▶ **PROBLEM TO WORK ON**:
If pictures appear, leave them out, and return exactly the lines from the one holding "China 2023 Nickel" through the last line of the listing below.

════════

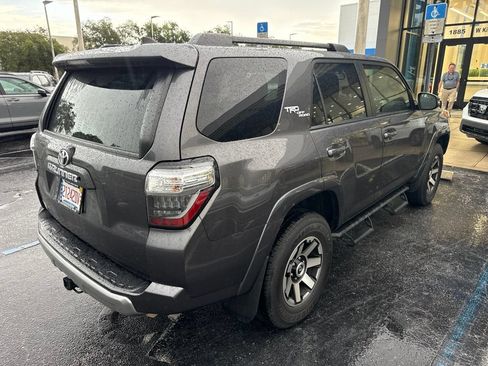 Used 2019 Toyota 4Runner TRD Off-Road Premium AWD/4WD image 3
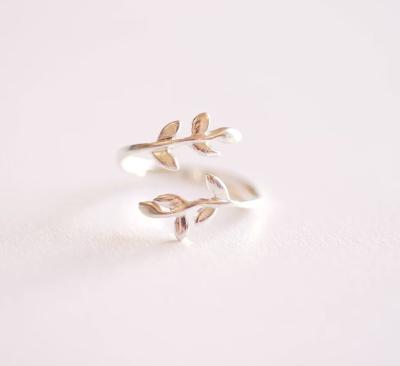 China 2023 Nickel Free Hot Sale Plated Stainless Steel Rings Layering Nature Crystal Jewelry Ring Silver Leaf Branch Dainty for sale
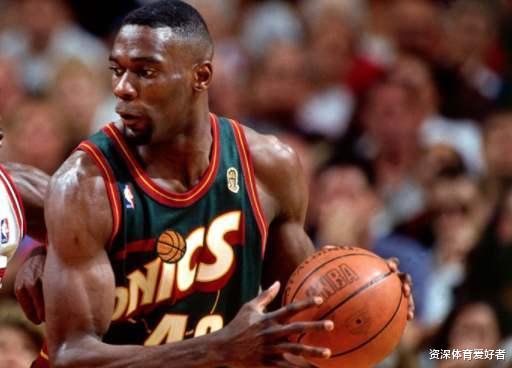勒布朗·詹姆斯|NBA历史十大从未受重伤的球星：詹姆斯第5，贾巴尔第2，榜首全勤15年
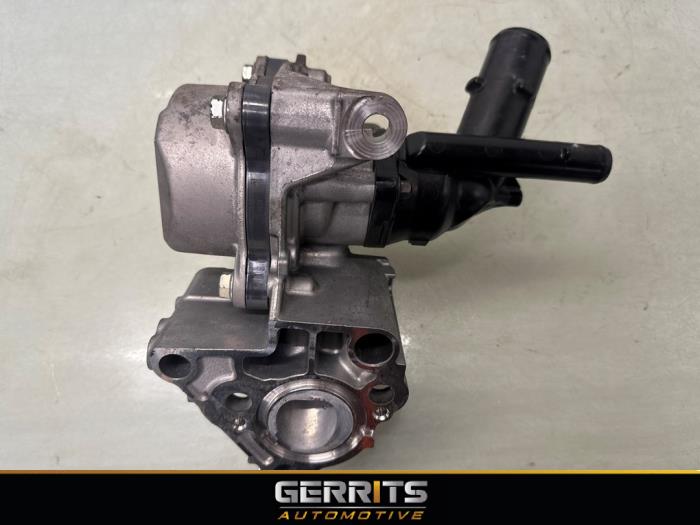 Waterpomp van een Toyota Corolla Cross 2.0 VVT-i 16V Hybrid 200 2022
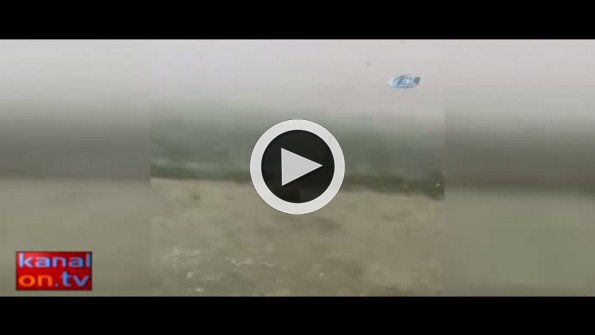 Yumurta büyüklüğündeki dolu, aracın camını deldi!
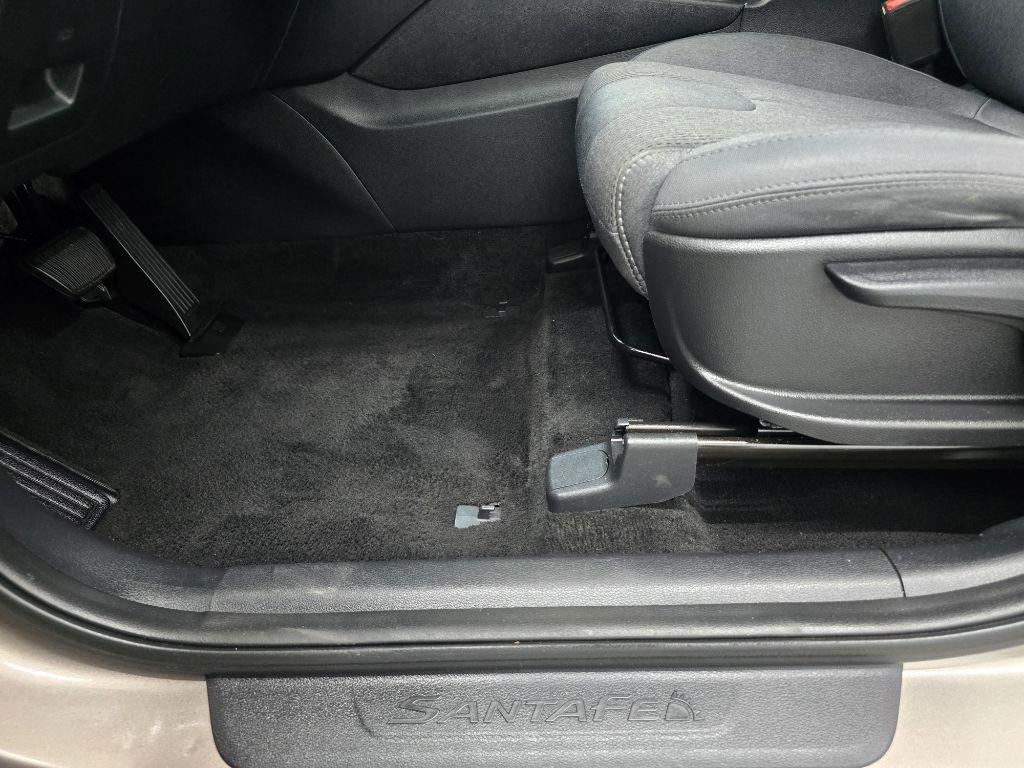 Hyundai Santa Fe SE 2.4 2020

════════

▶ **YOUR SOLUTION**:
 China 2023 Nickel Free Hot Sale Plated Stainless Steel Rings Layering Nature Crystal Jewelry Ring Silver Leaf Branch Dainty for sale
勒布朗·詹姆斯|NBA历史十大从未受重伤的球星：詹姆斯第5，贾巴尔第2，榜首全勤15年
 Waterpomp van een Toyota Corolla Cross 2.0 VVT-i 16V Hybrid 200 2022
 Yumurta büyüklüğündeki dolu, aracın camını deldi!
 Hyundai Santa Fe SE 2.4 2020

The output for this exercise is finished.